**Brief**. Below this sentence is a listing; return exactly its lines from the one with "Women's Wool Felt" to the one with "Explode The Code", both kept, and nothing more.

**Provided records**.
BEGIN
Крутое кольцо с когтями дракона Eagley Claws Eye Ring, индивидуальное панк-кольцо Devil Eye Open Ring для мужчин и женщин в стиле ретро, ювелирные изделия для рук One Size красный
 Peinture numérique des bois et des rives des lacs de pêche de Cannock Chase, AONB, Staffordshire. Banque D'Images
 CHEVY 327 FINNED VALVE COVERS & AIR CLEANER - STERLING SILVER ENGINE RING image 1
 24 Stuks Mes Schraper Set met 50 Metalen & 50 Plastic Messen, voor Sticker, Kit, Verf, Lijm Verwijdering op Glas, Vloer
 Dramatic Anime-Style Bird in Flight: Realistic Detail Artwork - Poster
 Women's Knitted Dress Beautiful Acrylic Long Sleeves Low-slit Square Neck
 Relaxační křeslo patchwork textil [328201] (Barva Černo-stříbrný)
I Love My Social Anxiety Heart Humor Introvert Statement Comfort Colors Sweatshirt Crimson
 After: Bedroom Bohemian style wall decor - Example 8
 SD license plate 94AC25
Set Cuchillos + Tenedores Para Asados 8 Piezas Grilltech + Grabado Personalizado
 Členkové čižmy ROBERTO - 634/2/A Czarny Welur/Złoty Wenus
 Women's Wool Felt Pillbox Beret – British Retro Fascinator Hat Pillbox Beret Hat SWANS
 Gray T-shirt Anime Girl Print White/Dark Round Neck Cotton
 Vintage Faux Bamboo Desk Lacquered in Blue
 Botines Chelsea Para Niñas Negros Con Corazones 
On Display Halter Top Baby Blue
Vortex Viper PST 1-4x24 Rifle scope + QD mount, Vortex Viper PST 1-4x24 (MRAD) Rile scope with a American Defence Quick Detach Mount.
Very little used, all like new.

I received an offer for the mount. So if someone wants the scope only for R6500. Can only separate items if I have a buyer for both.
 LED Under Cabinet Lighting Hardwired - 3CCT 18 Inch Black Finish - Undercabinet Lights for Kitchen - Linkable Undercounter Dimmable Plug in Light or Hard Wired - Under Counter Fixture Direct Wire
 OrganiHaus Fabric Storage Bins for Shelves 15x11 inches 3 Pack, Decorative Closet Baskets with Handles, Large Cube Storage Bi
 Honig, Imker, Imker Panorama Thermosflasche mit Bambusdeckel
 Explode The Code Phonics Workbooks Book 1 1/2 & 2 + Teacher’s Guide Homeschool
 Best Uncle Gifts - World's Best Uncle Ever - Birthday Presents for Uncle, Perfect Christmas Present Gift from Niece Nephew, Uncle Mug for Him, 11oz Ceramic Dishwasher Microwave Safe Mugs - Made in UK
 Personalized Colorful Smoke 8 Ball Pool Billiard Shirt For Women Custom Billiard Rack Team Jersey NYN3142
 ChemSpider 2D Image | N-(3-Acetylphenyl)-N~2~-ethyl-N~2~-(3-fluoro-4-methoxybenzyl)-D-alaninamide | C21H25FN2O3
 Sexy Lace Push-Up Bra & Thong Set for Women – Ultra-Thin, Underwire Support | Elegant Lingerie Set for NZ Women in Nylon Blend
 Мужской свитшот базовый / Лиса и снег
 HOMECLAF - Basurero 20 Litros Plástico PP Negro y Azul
END
**Exercise solution**.
 Women's Wool Felt Pillbox Beret – British Retro Fascinator Hat Pillbox Beret Hat SWANS
 Gray T-shirt Anime Girl Print White/Dark Round Neck Cotton
 Vintage Faux Bamboo Desk Lacquered in Blue
 Botines Chelsea Para Niñas Negros Con Corazones 
On Display Halter Top Baby Blue
Vortex Viper PST 1-4x24 Rifle scope + QD mount, Vortex Viper PST 1-4x24 (MRAD) Rile scope with a American Defence Quick Detach Mount.
Very little used, all like new.

I received an offer for the mount. So if someone wants the scope only for R6500. Can only separate items if I have a buyer for both.
 LED Under Cabinet Lighting Hardwired - 3CCT 18 Inch Black Finish - Undercabinet Lights for Kitchen - Linkable Undercounter Dimmable Plug in Light or Hard Wired - Under Counter Fixture Direct Wire
 OrganiHaus Fabric Storage Bins for Shelves 15x11 inches 3 Pack, Decorative Closet Baskets with Handles, Large Cube Storage Bi
 Honig, Imker, Imker Panorama Thermosflasche mit Bambusdeckel
 Explode The Code Phonics Workbooks Book 1 1/2 & 2 + Teacher’s Guide Homeschool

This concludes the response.